Impressioni, pensieri, emozioni
Sei mesi fa, a seguito di una ricaduta dopo l’ennesimo programma terapeutico, mi impongo di non perdere la speranza e cercare una cura; qualcosa che mi possa aiutare e che non sia la solita minestra riscaldata, mangiata e rimangiata. Sono 20 anni che uso coca e 15 che cerco di smettere, tra terapie psichiatriche e psicoanalitiche, comunità terapeutiche e duri percorsi incentrati sul lavoro, la rinuncia, la fatica. Sono stanco.
Ogni volta si ripete sempre lo stesso copione, come in una piece teatrale dove il protagonista, non importa quale strada intraprenda, quali amicizie, quali situazioni trovi durante il suo cammino… dopo qualche mese si ritrova nella solita identica situazione, messo peggio di prima. Perché ad ogni ricaduta è come se si perdesse qualcosa. Come se una parte di noi morisse. Un perverso gioco dell’oca dove la pedina fa sempre lo stesso giro, che può essere più o meno lungo, più o meno fortunato, ma inevitabilmente sempre lo stesso.
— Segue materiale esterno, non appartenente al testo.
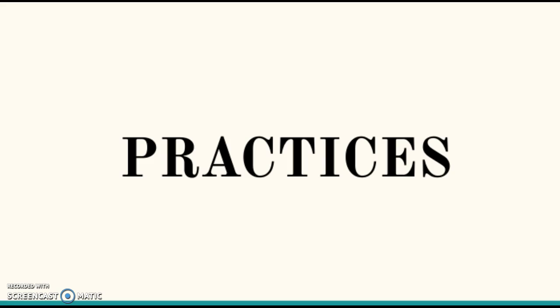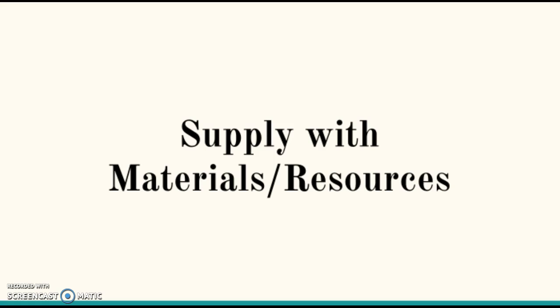Our last section is entitled Practices. These are things that you will need to implement as you practice the CMI framework. First, supply students with materials and resources. Be sure that your students have the correct and adequate supplies and materials so that they can be successful in their mathematics inquiry.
A seguito del nuovo “incidente”, molti mi chiedono se dentro di me, in fondo, quello che faccio lo faccio intenzionalmente, e la disperazione che apparentemente manifesto non è che un meschino piangermi addosso. Ed io non posso far altro che combattere questa tesi, almeno ci provo, ma alla fine, dico la verità, comincio a credevi anch’io. Sono io che decido di ricadere, mi dico, quindi io il responsabile. So a che vado incontro ma non me ne importa un bel nulla.
E di questo argomento ci sarebbe molto da discutere e c’è chi meglio di me, dotato anche di competenze scientifiche lo ha già fatto. Voglio dire però ugualmente che spesso la mia intenzione era l’esatto opposto del comportamento che mettevo in atto: quando si è tossici si è succubi, impotenti, incapaci di prendere decisioni durature. Anestetizzato dai normali piaceri della vita, così indispensabili per un’esistenza serena, viva, non potevo che lasciarmi andare al “piacere dei piaceri”, l’unico in grado di farmi sentire vivo. Come un impulso viscerale, una bestia mi trascinava via.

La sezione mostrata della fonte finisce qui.